[Dataset records]

#####

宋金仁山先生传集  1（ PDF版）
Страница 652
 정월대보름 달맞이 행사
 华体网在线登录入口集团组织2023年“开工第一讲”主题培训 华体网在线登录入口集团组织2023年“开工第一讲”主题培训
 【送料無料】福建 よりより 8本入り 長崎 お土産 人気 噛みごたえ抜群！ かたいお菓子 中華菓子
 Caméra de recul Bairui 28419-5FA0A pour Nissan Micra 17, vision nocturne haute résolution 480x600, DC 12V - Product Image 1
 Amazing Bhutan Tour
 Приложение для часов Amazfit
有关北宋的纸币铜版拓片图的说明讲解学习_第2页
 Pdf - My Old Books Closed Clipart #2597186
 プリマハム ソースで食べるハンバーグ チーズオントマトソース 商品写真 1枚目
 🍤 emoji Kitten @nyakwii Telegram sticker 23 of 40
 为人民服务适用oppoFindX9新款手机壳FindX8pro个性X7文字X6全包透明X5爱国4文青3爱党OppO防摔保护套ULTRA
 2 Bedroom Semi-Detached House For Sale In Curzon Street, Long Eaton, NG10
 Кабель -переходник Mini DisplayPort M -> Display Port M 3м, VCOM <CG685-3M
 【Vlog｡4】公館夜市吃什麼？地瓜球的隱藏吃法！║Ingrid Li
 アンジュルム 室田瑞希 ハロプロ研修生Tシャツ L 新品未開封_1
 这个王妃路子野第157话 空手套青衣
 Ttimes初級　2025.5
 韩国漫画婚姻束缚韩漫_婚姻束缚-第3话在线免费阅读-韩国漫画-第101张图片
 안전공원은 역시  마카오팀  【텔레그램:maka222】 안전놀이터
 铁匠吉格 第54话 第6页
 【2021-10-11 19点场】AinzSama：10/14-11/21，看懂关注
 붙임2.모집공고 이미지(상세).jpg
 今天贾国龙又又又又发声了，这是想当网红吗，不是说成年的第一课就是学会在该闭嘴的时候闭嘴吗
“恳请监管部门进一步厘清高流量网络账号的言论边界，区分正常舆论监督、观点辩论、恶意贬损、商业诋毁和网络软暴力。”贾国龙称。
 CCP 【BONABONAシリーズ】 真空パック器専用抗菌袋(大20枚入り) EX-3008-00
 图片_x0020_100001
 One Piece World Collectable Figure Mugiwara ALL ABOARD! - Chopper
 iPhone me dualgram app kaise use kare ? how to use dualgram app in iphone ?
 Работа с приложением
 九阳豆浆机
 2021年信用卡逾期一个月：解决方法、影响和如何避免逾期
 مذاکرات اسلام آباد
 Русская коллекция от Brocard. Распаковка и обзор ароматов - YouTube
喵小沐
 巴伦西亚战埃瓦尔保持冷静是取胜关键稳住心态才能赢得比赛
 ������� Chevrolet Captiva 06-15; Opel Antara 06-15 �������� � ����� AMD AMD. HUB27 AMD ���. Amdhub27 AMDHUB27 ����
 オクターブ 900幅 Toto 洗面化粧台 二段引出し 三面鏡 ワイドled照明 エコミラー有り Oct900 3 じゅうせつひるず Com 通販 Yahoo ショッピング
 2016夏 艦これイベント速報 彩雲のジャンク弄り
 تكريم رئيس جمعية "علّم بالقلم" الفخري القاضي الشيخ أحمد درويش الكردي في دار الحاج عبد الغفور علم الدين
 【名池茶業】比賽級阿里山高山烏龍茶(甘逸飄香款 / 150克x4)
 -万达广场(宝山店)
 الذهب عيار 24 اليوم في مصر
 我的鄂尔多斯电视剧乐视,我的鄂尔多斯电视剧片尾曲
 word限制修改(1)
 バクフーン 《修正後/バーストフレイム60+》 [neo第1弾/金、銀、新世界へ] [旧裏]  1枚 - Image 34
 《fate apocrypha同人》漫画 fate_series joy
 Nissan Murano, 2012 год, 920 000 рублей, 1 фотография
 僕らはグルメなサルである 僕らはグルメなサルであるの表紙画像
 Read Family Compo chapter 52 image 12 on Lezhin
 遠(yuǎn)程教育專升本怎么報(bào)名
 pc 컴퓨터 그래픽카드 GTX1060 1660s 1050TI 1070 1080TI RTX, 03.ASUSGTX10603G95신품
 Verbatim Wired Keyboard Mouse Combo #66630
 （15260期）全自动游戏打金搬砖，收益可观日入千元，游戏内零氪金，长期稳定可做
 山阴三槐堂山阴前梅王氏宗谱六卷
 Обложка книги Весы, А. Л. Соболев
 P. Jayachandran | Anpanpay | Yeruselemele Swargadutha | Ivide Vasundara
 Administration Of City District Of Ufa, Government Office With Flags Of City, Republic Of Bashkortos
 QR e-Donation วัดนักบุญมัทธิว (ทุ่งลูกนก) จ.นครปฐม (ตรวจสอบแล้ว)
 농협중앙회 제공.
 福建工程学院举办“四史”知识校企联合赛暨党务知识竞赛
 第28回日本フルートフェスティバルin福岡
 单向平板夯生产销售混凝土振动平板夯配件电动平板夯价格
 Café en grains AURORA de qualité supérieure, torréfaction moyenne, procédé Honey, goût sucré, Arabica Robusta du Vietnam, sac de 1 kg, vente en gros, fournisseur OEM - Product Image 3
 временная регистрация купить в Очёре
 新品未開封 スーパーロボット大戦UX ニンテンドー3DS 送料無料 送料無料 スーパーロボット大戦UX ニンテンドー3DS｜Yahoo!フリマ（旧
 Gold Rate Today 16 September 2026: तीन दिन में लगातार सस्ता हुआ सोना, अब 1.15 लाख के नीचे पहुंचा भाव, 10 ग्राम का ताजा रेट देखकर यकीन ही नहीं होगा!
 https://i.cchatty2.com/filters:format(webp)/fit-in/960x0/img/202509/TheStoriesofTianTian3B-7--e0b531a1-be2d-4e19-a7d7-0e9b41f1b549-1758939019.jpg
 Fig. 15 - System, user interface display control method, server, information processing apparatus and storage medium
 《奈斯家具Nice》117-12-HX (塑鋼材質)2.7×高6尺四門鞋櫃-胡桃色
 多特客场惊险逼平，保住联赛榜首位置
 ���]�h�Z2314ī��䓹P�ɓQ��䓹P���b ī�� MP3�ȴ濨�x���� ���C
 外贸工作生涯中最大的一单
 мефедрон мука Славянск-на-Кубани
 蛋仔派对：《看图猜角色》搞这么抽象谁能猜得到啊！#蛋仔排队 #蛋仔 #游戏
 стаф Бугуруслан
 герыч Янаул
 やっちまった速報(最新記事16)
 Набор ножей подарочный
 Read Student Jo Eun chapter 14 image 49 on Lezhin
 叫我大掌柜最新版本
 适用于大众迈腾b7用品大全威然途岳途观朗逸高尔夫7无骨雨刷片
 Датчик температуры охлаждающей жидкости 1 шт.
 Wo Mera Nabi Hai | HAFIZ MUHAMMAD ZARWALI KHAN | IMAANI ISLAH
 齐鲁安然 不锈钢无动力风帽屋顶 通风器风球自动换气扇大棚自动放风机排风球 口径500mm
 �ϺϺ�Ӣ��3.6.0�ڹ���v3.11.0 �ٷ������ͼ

#####

WORK INSTRUCTION:
Repeat the data above. Change nothing.

THE COMPLETED TASK:
宋金仁山先生传集  1（ PDF版）
Страница 652
 정월대보름 달맞이 행사
 华体网在线登录入口集团组织2023年“开工第一讲”主题培训 华体网在线登录入口集团组织2023年“开工第一讲”主题培训
 【送料無料】福建 よりより 8本入り 長崎 お土産 人気 噛みごたえ抜群！ かたいお菓子 中華菓子
 Caméra de recul Bairui 28419-5FA0A pour Nissan Micra 17, vision nocturne haute résolution 480x600, DC 12V - Product Image 1
 Amazing Bhutan Tour
 Приложение для часов Amazfit
有关北宋的纸币铜版拓片图的说明讲解学习_第2页
 Pdf - My Old Books Closed Clipart #2597186
 プリマハム ソースで食べるハンバーグ チーズオントマトソース 商品写真 1枚目
 🍤 emoji Kitten @nyakwii Telegram sticker 23 of 40
 为人民服务适用oppoFindX9新款手机壳FindX8pro个性X7文字X6全包透明X5爱国4文青3爱党OppO防摔保护套ULTRA
 2 Bedroom Semi-Detached House For Sale In Curzon Street, Long Eaton, NG10
 Кабель -переходник Mini DisplayPort M -> Display Port M 3м, VCOM <CG685-3M
 【Vlog｡4】公館夜市吃什麼？地瓜球的隱藏吃法！║Ingrid Li
 アンジュルム 室田瑞希 ハロプロ研修生Tシャツ L 新品未開封_1
 这个王妃路子野第157话 空手套青衣
 Ttimes初級　2025.5
 韩国漫画婚姻束缚韩漫_婚姻束缚-第3话在线免费阅读-韩国漫画-第101张图片
 안전공원은 역시  마카오팀  【텔레그램:maka222】 안전놀이터
 铁匠吉格 第54话 第6页
 【2021-10-11 19点场】AinzSama：10/14-11/21，看懂关注
 붙임2.모집공고 이미지(상세).jpg
 今天贾国龙又又又又发声了，这是想当网红吗，不是说成年的第一课就是学会在该闭嘴的时候闭嘴吗
“恳请监管部门进一步厘清高流量网络账号的言论边界，区分正常舆论监督、观点辩论、恶意贬损、商业诋毁和网络软暴力。”贾国龙称。
 CCP 【BONABONAシリーズ】 真空パック器専用抗菌袋(大20枚入り) EX-3008-00
 图片_x0020_100001
 One Piece World Collectable Figure Mugiwara ALL ABOARD! - Chopper
 iPhone me dualgram app kaise use kare ? how to use dualgram app in iphone ?
 Работа с приложением
 九阳豆浆机
 2021年信用卡逾期一个月：解决方法、影响和如何避免逾期
 مذاکرات اسلام آباد
 Русская коллекция от Brocard. Распаковка и обзор ароматов - YouTube
喵小沐
 巴伦西亚战埃瓦尔保持冷静是取胜关键稳住心态才能赢得比赛
 ������� Chevrolet Captiva 06-15; Opel Antara 06-15 �������� � ����� AMD AMD. HUB27 AMD ���. Amdhub27 AMDHUB27 ����
 オクターブ 900幅 Toto 洗面化粧台 二段引出し 三面鏡 ワイドled照明 エコミラー有り Oct900 3 じゅうせつひるず Com 通販 Yahoo ショッピング
 2016夏 艦これイベント速報 彩雲のジャンク弄り
 تكريم رئيس جمعية "علّم بالقلم" الفخري القاضي الشيخ أحمد درويش الكردي في دار الحاج عبد الغفور علم الدين
 【名池茶業】比賽級阿里山高山烏龍茶(甘逸飄香款 / 150克x4)
 -万达广场(宝山店)
 الذهب عيار 24 اليوم في مصر
 我的鄂尔多斯电视剧乐视,我的鄂尔多斯电视剧片尾曲
 word限制修改(1)
 バクフーン 《修正後/バーストフレイム60+》 [neo第1弾/金、銀、新世界へ] [旧裏]  1枚 - Image 34
 《fate apocrypha同人》漫画 fate_series joy
 Nissan Murano, 2012 год, 920 000 рублей, 1 фотография
 僕らはグルメなサルである 僕らはグルメなサルであるの表紙画像
 Read Family Compo chapter 52 image 12 on Lezhin
 遠(yuǎn)程教育專升本怎么報(bào)名
 pc 컴퓨터 그래픽카드 GTX1060 1660s 1050TI 1070 1080TI RTX, 03.ASUSGTX10603G95신품
 Verbatim Wired Keyboard Mouse Combo #66630
 （15260期）全自动游戏打金搬砖，收益可观日入千元，游戏内零氪金，长期稳定可做
 山阴三槐堂山阴前梅王氏宗谱六卷
 Обложка книги Весы, А. Л. Соболев
 P. Jayachandran | Anpanpay | Yeruselemele Swargadutha | Ivide Vasundara
 Administration Of City District Of Ufa, Government Office With Flags Of City, Republic Of Bashkortos
 QR e-Donation วัดนักบุญมัทธิว (ทุ่งลูกนก) จ.นครปฐม (ตรวจสอบแล้ว)
 농협중앙회 제공.
 福建工程学院举办“四史”知识校企联合赛暨党务知识竞赛
 第28回日本フルートフェスティバルin福岡
 单向平板夯生产销售混凝土振动平板夯配件电动平板夯价格
 Café en grains AURORA de qualité supérieure, torréfaction moyenne, procédé Honey, goût sucré, Arabica Robusta du Vietnam, sac de 1 kg, vente en gros, fournisseur OEM - Product Image 3
 временная регистрация купить в Очёре
 新品未開封 スーパーロボット大戦UX ニンテンドー3DS 送料無料 送料無料 スーパーロボット大戦UX ニンテンドー3DS｜Yahoo!フリマ（旧
 Gold Rate Today 16 September 2026: तीन दिन में लगातार सस्ता हुआ सोना, अब 1.15 लाख के नीचे पहुंचा भाव, 10 ग्राम का ताजा रेट देखकर यकीन ही नहीं होगा!
 https://i.cchatty2.com/filters:format(webp)/fit-in/960x0/img/202509/TheStoriesofTianTian3B-7--e0b531a1-be2d-4e19-a7d7-0e9b41f1b549-1758939019.jpg
 Fig. 15 - System, user interface display control method, server, information processing apparatus and storage medium
 《奈斯家具Nice》117-12-HX (塑鋼材質)2.7×高6尺四門鞋櫃-胡桃色
 多特客场惊险逼平，保住联赛榜首位置
 ���]�h�Z2314ī��䓹P�ɓQ��䓹P���b ī�� MP3�ȴ濨�x���� ���C
 外贸工作生涯中最大的一单
 мефедрон мука Славянск-на-Кубани
 蛋仔派对：《看图猜角色》搞这么抽象谁能猜得到啊！#蛋仔排队 #蛋仔 #游戏
 стаф Бугуруслан
 герыч Янаул
 やっちまった速報(最新記事16)
 Набор ножей подарочный
 Read Student Jo Eun chapter 14 image 49 on Lezhin
 叫我大掌柜最新版本
 适用于大众迈腾b7用品大全威然途岳途观朗逸高尔夫7无骨雨刷片
 Датчик температуры охлаждающей жидкости 1 шт.
 Wo Mera Nabi Hai | HAFIZ MUHAMMAD ZARWALI KHAN | IMAANI ISLAH
 齐鲁安然 不锈钢无动力风帽屋顶 通风器风球自动换气扇大棚自动放风机排风球 口径500mm
 �ϺϺ�Ӣ��3.6.0�ڹ���v3.11.0 �ٷ������ͼ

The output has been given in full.